We are all very careful when we are carrying a pot of boiling water. Even if no drop is touching our skin, the very anticipation of this danger makes us tread lightly. The question is: when did we learn that we need to stay away from boiling water? What was the exact context? How old were we, in what location, what clothes did we have on? What was the weather like? Hard to say. But, still, this act of learning had to have happened sometime during our lifetime. Although we’ve forgotten the details, we have not forgotten the lesson: careful with boiling water.

Let’s take another example. Escaping the cold outside, relaxing under a warm blanket, we read something nice – say a lofty Rudyard Kipling poem. Carried away by the awe inspiring images, we let ourselves be seduced by the poet’s talent.

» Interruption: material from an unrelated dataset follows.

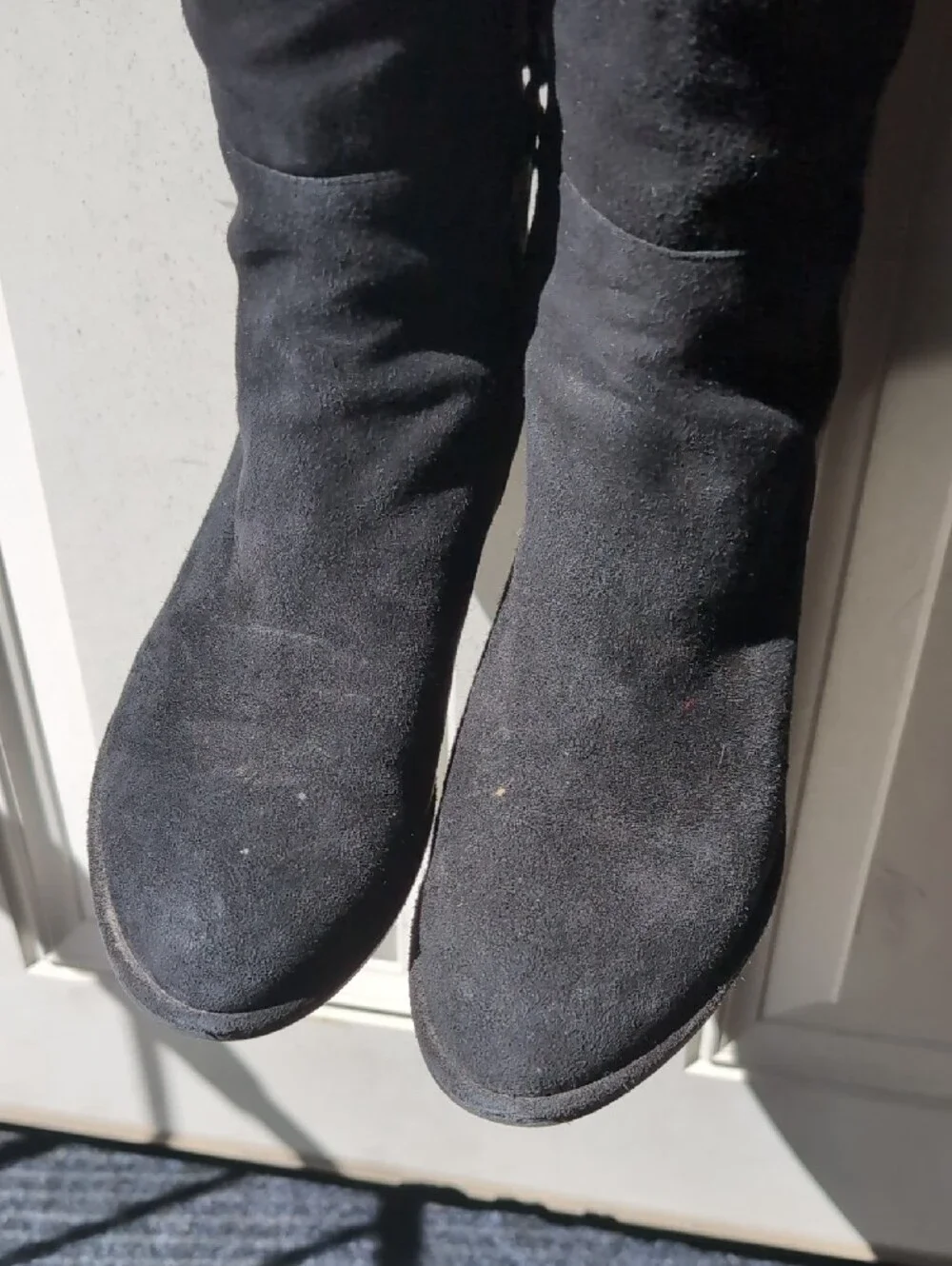 Stuart Weitzman Over-the-Knee Suede Boots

All this time, our mind is silently accessing and processing hundreds of grammatical rules and word meanings. Can we remember the details of the context in which we have learned each and every rule? Definitely not. But still, the assimilation of the essence of those learning experiences is evident by our ability to read and enjoy the poem.

But even if we could remember, would it really help us? On the contrary. Let’s imagine that while we are savoring the subtleties of the poem our mind would suddenly be invaded with specific memories associated with the learning of every word and every grammar rule inherent in the processing of those verses. Could we then be able to concentrate on the poem?

This cumulative learning mechanism, through the assimilation of the essence and the discarding of the context details also applies to the lessons we have learned from previous lives. The arrangement of nature makes it in such a way that the soul is able to carry with it in a mind-bottle technically called citta the essential teachings of the previous life reflected in our worldview, habits and behaviors, but it spares us the mental overload which would paralyze our life if every time we were about to do something, we would automatically remember every little detail about that something.

In the Bhagavad Gita (15.8), the Supreme explains this using a comparison: the living entities in the material world carry with them various conceptions of life from one body to the next, like air currents carry with them a variety of scents from the flowers. Elegantly put.

In conclusion, despite our forgetfulness of our previous lives, the essential information is there, somewhere in our mind, present in the form of so-called inborn tendencies, traits and inclinations. The lessons are there at our disposal. The important thing is to use them wisely in order to be successful at our Final Exam.